En nuestra casa hay bichos. Vivimos en un pueblecito a las afueras de Sevilla junto a una especie de colina en la que hay árboles, arbustos y también bichos que, con una frecuencia mucho mayor de la deseada, pasan por casa a saludarnos.
Compramos la casa hace cinco años, aunque hasta noviembre del año pasado, cuando por fin me trasladaron a Sevilla, no nos mudamos aquí definitivamente. En todo este tiempo hemos tenido moscas, mosquitos, nidos de avispas, arañas, cochinillas, salamanquesas, hormigas, cucarachas y caracoles (por suerte éstos, al igual que una rana que tuvimos, se quedaron en la entrada y no traspasaron la puerta).
Desde que vivimos aquí, gracias a nuestra presencia, a la limpieza habitual y al uso a discreción de los insecticidas más potentes que podemos comprar sin una autorización especial, el avistamiento de estas criaturas se ha convertido en algo puramente anecdótico. Sin embargo, de vez en cuando hay que ir de cacería.
La otra noche, después de cenar, cuando fui a la cocina a por un helado (de chocolate, con sirope y trozos de galleta, para más señas), vi una sombra gris en un rincón. Me acerqué, despreocupadamente, pensando que era una pelusa o algo así, hasta que se movió. Era una araña. Grande, gorda, de patas gruesas y peludas.

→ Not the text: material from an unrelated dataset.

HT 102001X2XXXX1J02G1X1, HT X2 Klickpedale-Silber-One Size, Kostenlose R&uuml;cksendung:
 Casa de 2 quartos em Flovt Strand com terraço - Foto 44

Mi marido estaba trabajando, así que estaba más sola que la una. Le llamé, presa del pánico y empapada en un sudor frío, y él básicamente me dijo que me tranquilizara y que intentase matarla. ¿Con qué? Con insecticida. El bote de insecticida estaba bajo el fregadero, a unos centímetros del bicho. Evidentemente, no iba a ir a por él. Entonces recordé que teníamos uno nuevo, recién comprado, en el armario de los productos de limpieza, que está en otra habitación. Fui por él y, con el teléfono en una mano y el bote en la otra, inicié el ataque. No sé qué tipo de veneno tendrá, pero a la tercera rociada el bicho la había palmado. Esperé unos segundos, por si estaba fingiendo para saltar sobre mí cuando me acercase, pero no se movía. Entonces fui por un cepillo, agarrado de la puntita del palo, y la toqué. Estaba muerta. La arrastré hacia la calle y la dejé allí. Ni que decir tiene que el susto tardó mucho más que el bicho en irse, pero al fin lo hizo.
A la mañana siguiente, mi marido salió para examinar (de lejos, eso sí) el cadáver y sonreí con satisfacción cuando admitió que no había exagerado sobre su tamaño (siempre dice que exagero cuando digo que hay un bicho grande) y me felicitó por haber sido capaz de solucionar yo solita la crisis. Pero no había terminado de hablar, y la sonrisa de satisfacción se me heló en los labios cuando dijo que había matado en casa varias arañas mucho más grandes que ésa.